Expression Productions' True West handles Sam Shepard's script masterfully. Timothy Meehan's Lee drives the action with his menace, forcing his brother to stand up to him. John Gilligan's Austin is a study in peculiar contrast, attempted diplomacy that falls into animosity. The play starts in an awkward situation and continues to decline through discomfort and ends in destruction and fear.
Sam Shepard's work continues the experiment in the decay of the American nuclear family.
In Arthur Miller's Death of a Salesman and View from the Bridge and Tennessee Williams' Cat on a Hot Tim Roof, the family is fractured but still more or less intact.
In Williams' Streetcar Named Desire and Glass Menagerie, the family is irreparably broken yet still hanging on to the myth.
In Shepard's work the pieces are scattered over the wide western landscape and the fragments intermittently try to reunite in the same odd, accidental space, reaching for unity, but they do not know the first thing of how to go about reunion.
David Mamet's early plays take it one more step.

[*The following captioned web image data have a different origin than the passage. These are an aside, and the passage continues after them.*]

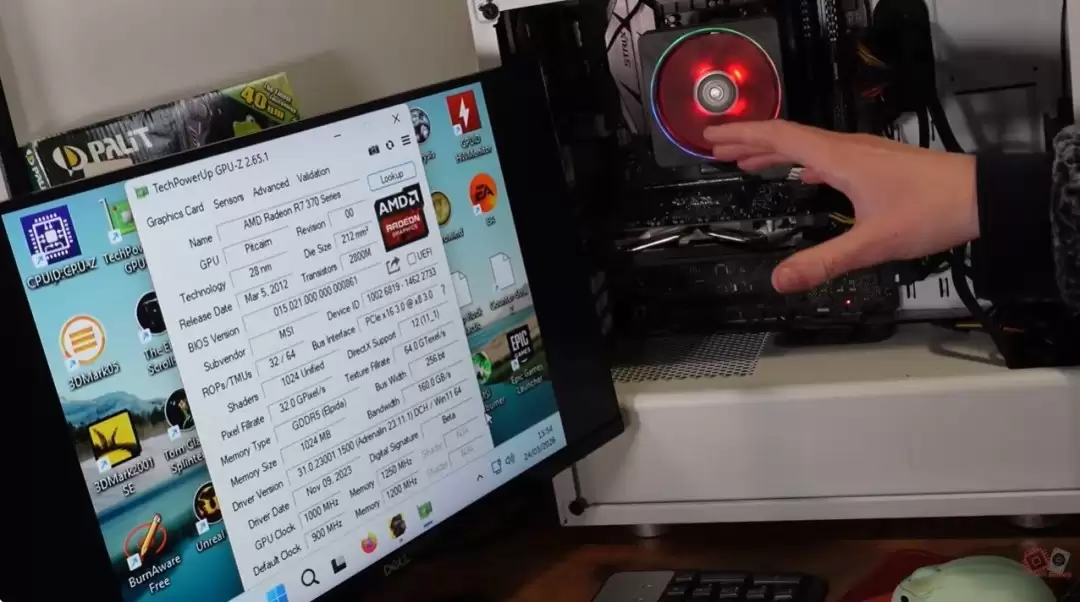 玩家使用1GB显存显卡玩《赛博朋克2077》 竟能有40帧！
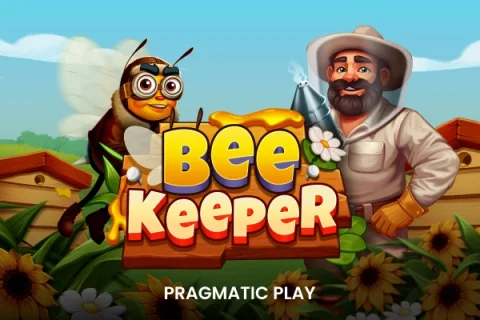 Bee Keeper slot game artwork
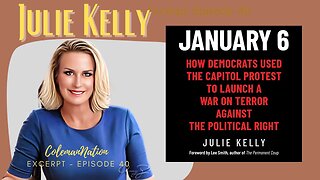 The prosecutors, the judges - the travesty that is #January6th - with Julie Kelly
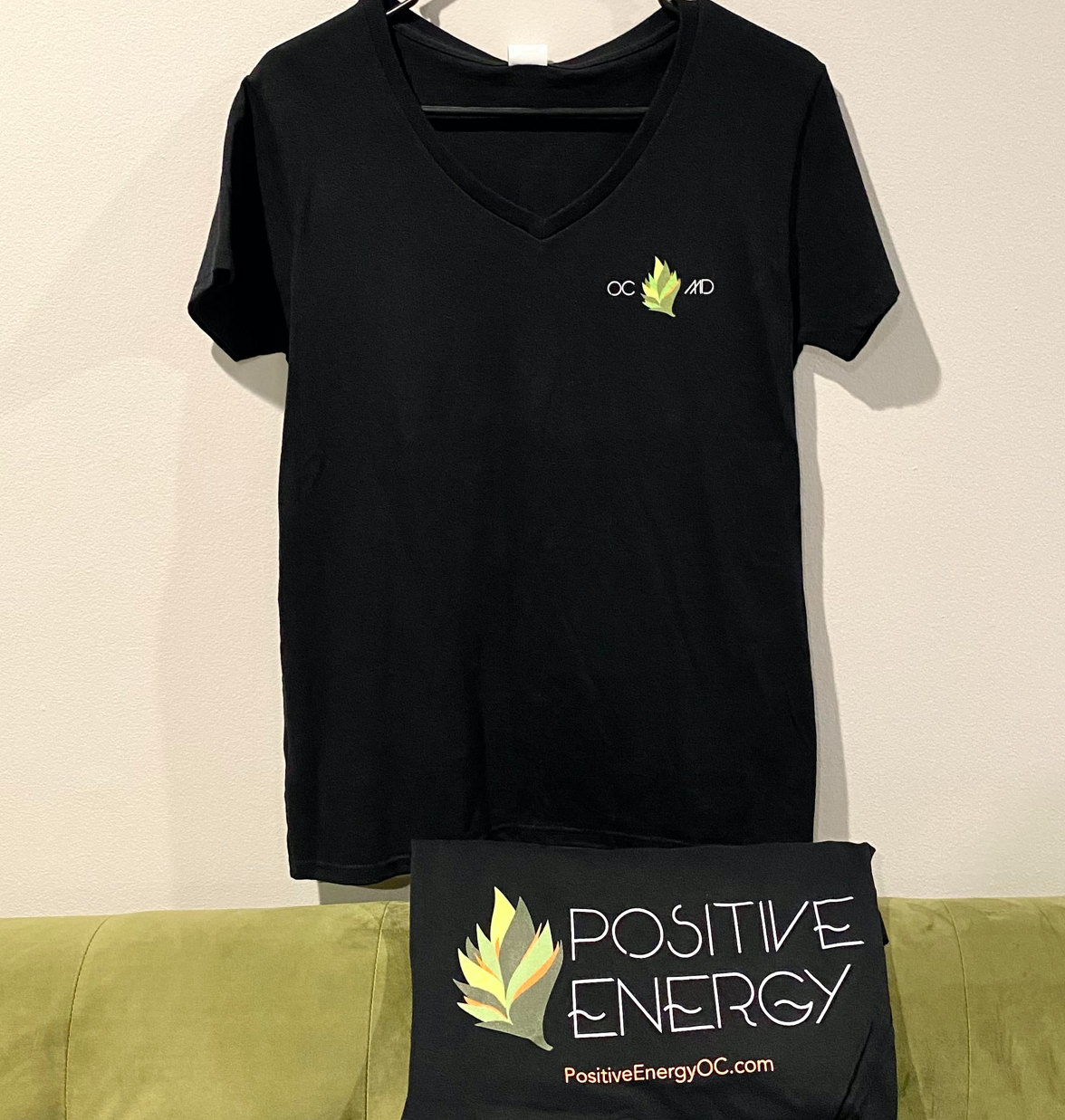 Photograph of product: Ladies T-Shirt Black L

The family is absent, possibly in touch by phone but never on stage. The characters are devoid of familiarity. They can only claw at each other in context-deficient desperation.
Theatre in San Francisco is a collection of experiences. Expression Productions is dedicated to the small stage, small cast model with the focus on the density of thought and action, providing the audience with an intimate experience.
True West plays at the Noh Space, 2840 Mariposa Street, San Francisco.